[Scraped caption text data]
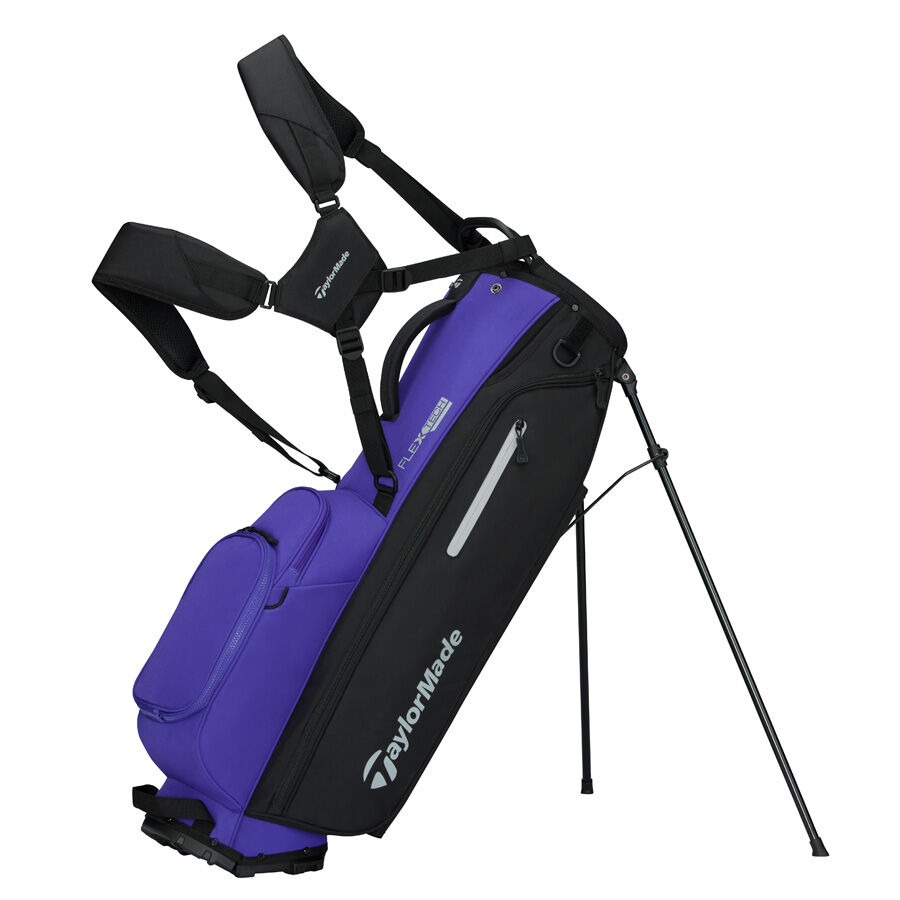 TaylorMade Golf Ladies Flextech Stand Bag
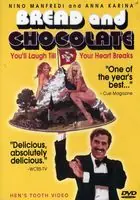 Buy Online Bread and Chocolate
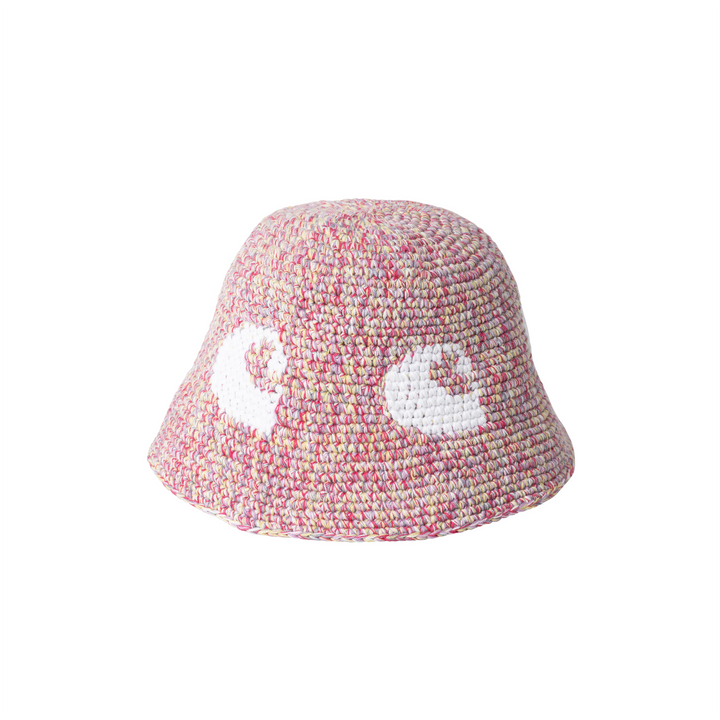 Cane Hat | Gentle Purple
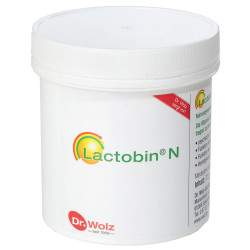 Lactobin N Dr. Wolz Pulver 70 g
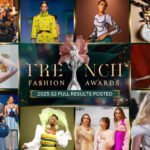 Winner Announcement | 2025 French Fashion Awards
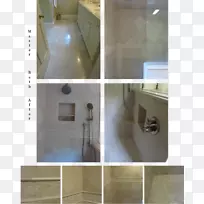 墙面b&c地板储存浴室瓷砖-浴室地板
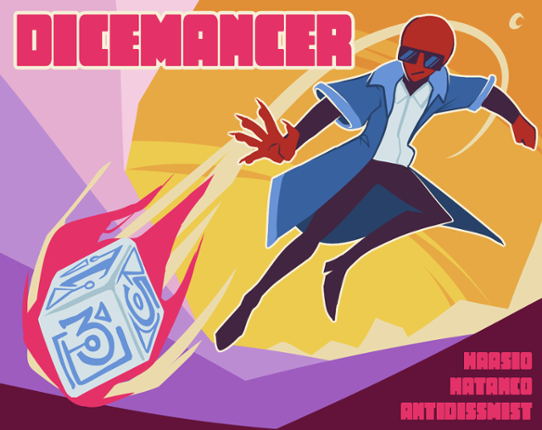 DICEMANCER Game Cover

_Required action_: Every line of the data should be copied as it stands, without the images.

_Response below_:
 TaylorMade Golf Ladies Flextech Stand Bag
 Buy Online Bread and Chocolate
 Cane Hat | Gentle Purple
 Lactobin N Dr. Wolz Pulver 70 g
 Winner Announcement | 2025 French Fashion Awards
 墙面b&c地板储存浴室瓷砖-浴室地板
 DICEMANCER Game Cover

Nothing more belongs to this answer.